[Ocfs2-devel] [PATCH] ocfs2/dlm: wait for dlm recovery done when migrating all lockres
piaojun
piaojun at huawei.com
Tue Oct 31 22:52:54 PDT 2017
Hi Changwei,
On 2017/11/1 10:47, Changwei Ge wrote:
> Hi Jun,
>
> Thanks for reporting.
> I am very interesting in this issue.

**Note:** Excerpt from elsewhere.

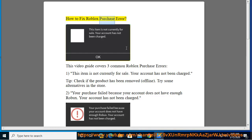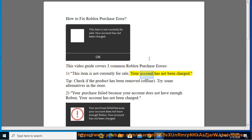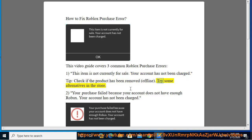How to Fix Roblox Purchase Error. This video guide covers three common Roblox purchase errors. Error 1: This item is not currently for sale. Your account has not been charged. Tip: Check if the product has been removed or is offline. Try some alternatives in the store.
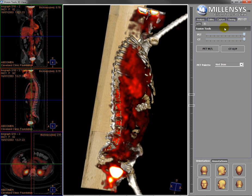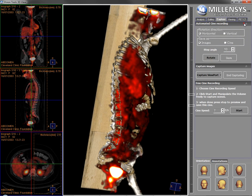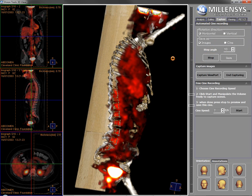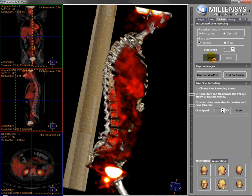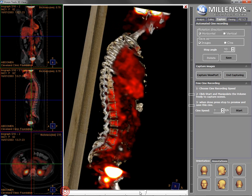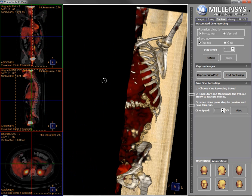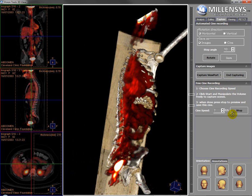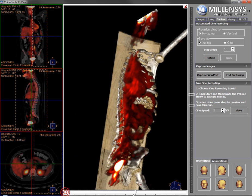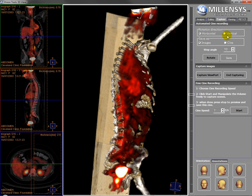We can also use the standard capturing tools of the 3D — I can rotate the volume like this and capture a rotating image, or I can move freely using the free cine recording tool. Thank you.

But, first of all, I want to make
> this issue clear, so that I might be able to provide some comments.
>
>
> On 2017/11/1 9:16, piaojun wrote:
>> wait for dlm recovery done when migrating all lockres in case of new
>> lockres to be left after leaving dlm domain.
>
> What do you mean by 'a new lock resource to be left after leaving
> domain'? It means we leak a dlm lock resource if below situation happens.
>
a new lockres is the one collected by NodeA during recoverying for
NodeB. It leaks a lockres indeed.
>>
>> NodeA NodeB NodeC
>>
>> umount and migrate
>> all lockres
>>
>> node down
>>
>> do recovery for NodeB
>> and collect a new lockres
>> form other live nodes
>
> You mean a lock resource whose owner was NodeB is just migrated from
> other cluster member nodes?
>
that is it.
>>
>> leave domain but the
>> new lockres remains
>>
>> mount and join domain
>>
>> request for the owner
>> of the new lockres, but
>> all the other nodes said
>> 'NO', so NodeC decide to
>> the owner, and send do
>> assert msg to other nodes.
>>
>> other nodes receive the msg
>> and found two masters exist.
>> at last cause BUG in
>> dlm_assert_master_handler()
>> -->BUG();
>
> If this issue truly exists, can we take some efforts in
> dlm_exit_domain_handler? Or perhaps we should kick dlm's work queue
> before migrating all lock resources.
>
If NodeA has entered dlm_leave_domain(), we can hardly go back
migrating res. Perhaps more work will be needed in that way.
>>
>> Fixes: bc9838c4d44a ("dlm: allow dlm do recovery during shutdown")
>>
>> Signed-off-by: Jun Piao <piaojun at huawei.com>
>> Reviewed-by: Alex Chen <alex.chen at huawei.com>
>> Reviewed-by: Yiwen Jiang <jiangyiwen at huawei.com>
>> ---
>> fs/ocfs2/dlm/dlmcommon.h | 1 +
>> fs/ocfs2/dlm/dlmdomain.c | 14 ++++++++++++++
>> fs/ocfs2/dlm/dlmrecovery.c | 12 +++++++++---
>> 3 files changed, 24 insertions(+), 3 deletions(-)
>>
>> diff --git a/fs/ocfs2/dlm/dlmcommon.h b/fs/ocfs2/dlm/dlmcommon.h
>> index e9f3705..999ab7d 100644
>> --- a/fs/ocfs2/dlm/dlmcommon.h
>> +++ b/fs/ocfs2/dlm/dlmcommon.h
>> @@ -140,6 +140,7 @@ struct dlm_ctxt
>> u8 node_num;
>> u32 key;
>> u8 joining_node;
>> + u8 migrate_done; /* set to 1 means node has migrated all lockres */
>> wait_queue_head_t dlm_join_events;
>> unsigned long live_nodes_map[BITS_TO_LONGS(O2NM_MAX_NODES)];
>> unsigned long domain_map[BITS_TO_LONGS(O2NM_MAX_NODES)];
>> diff --git a/fs/ocfs2/dlm/dlmdomain.c b/fs/ocfs2/dlm/dlmdomain.c
>> index e1fea14..98a8f56 100644
>> --- a/fs/ocfs2/dlm/dlmdomain.c
>> +++ b/fs/ocfs2/dlm/dlmdomain.c
>> @@ -461,6 +461,18 @@ static int dlm_migrate_all_locks(struct dlm_ctxt *dlm)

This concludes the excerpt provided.